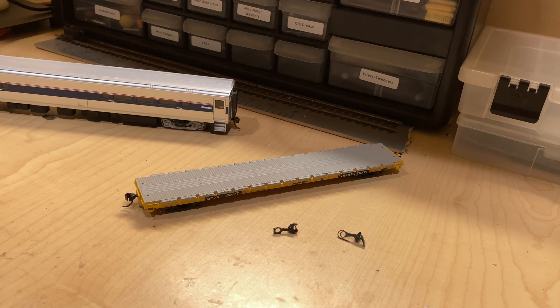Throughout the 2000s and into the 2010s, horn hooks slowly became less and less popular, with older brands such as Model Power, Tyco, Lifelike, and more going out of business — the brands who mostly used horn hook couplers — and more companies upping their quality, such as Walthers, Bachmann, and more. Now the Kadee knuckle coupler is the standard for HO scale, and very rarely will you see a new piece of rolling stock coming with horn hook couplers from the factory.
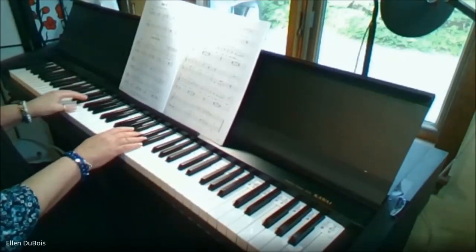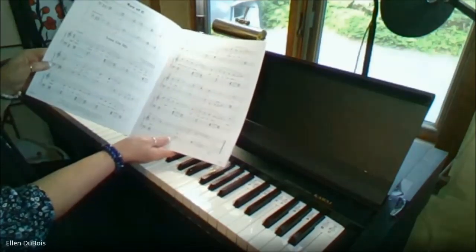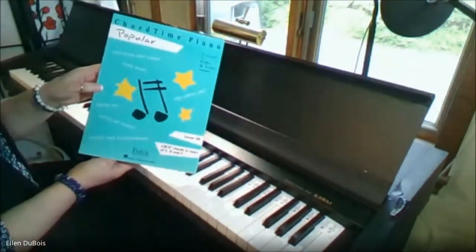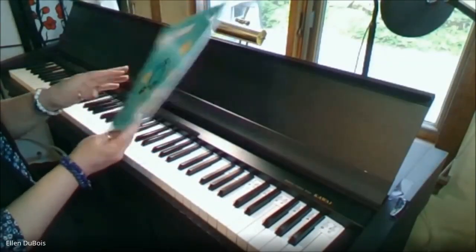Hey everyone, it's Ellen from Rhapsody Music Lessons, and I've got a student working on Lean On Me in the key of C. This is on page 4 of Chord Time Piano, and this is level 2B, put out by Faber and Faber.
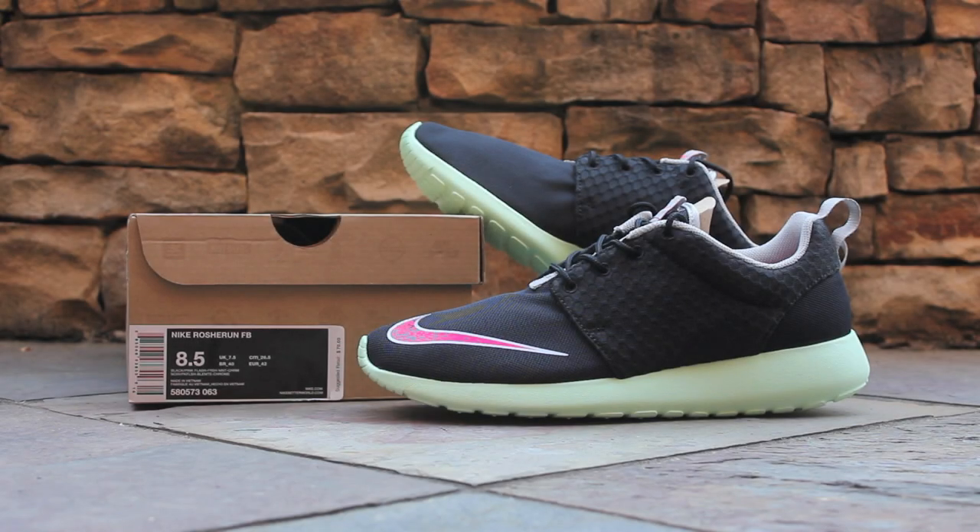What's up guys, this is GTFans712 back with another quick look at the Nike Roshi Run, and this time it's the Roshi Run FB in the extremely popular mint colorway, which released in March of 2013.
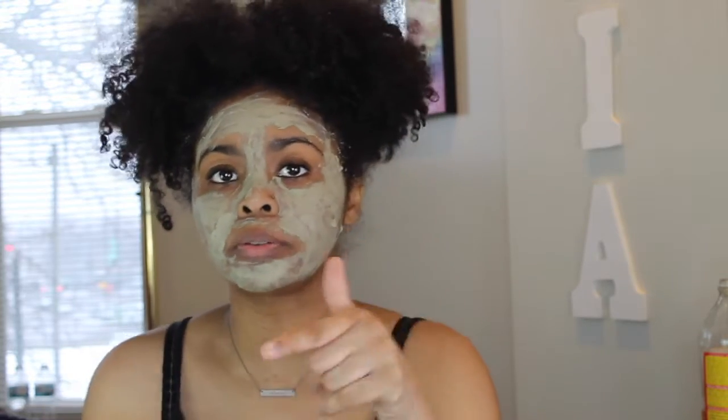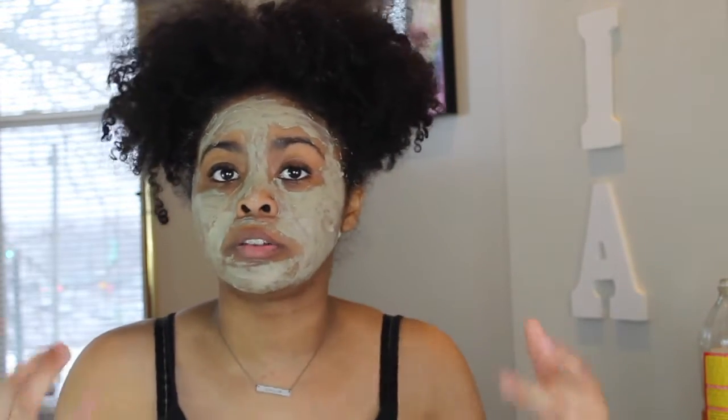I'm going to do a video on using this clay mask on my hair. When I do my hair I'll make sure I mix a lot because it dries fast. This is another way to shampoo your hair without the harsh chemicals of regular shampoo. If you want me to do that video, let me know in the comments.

TO DO -> This task calls for an exact copy of the data above, without pictures.

EXERCISE SOLUTION ->
Throughout the 2000s and into the 2010s, horn hooks slowly became less and less popular, with older brands such as Model Power, Tyco, Lifelike, and more going out of business — the brands who mostly used horn hook couplers — and more companies upping their quality, such as Walthers, Bachmann, and more. Now the Kadee knuckle coupler is the standard for HO scale, and very rarely will you see a new piece of rolling stock coming with horn hook couplers from the factory.
Hey everyone, it's Ellen from Rhapsody Music Lessons, and I've got a student working on Lean On Me in the key of C. This is on page 4 of Chord Time Piano, and this is level 2B, put out by Faber and Faber.
What's up guys, this is GTFans712 back with another quick look at the Nike Roshi Run, and this time it's the Roshi Run FB in the extremely popular mint colorway, which released in March of 2013.
I'm going to do a video on using this clay mask on my hair. When I do my hair I'll make sure I mix a lot because it dries fast. This is another way to shampoo your hair without the harsh chemicals of regular shampoo. If you want me to do that video, let me know in the comments.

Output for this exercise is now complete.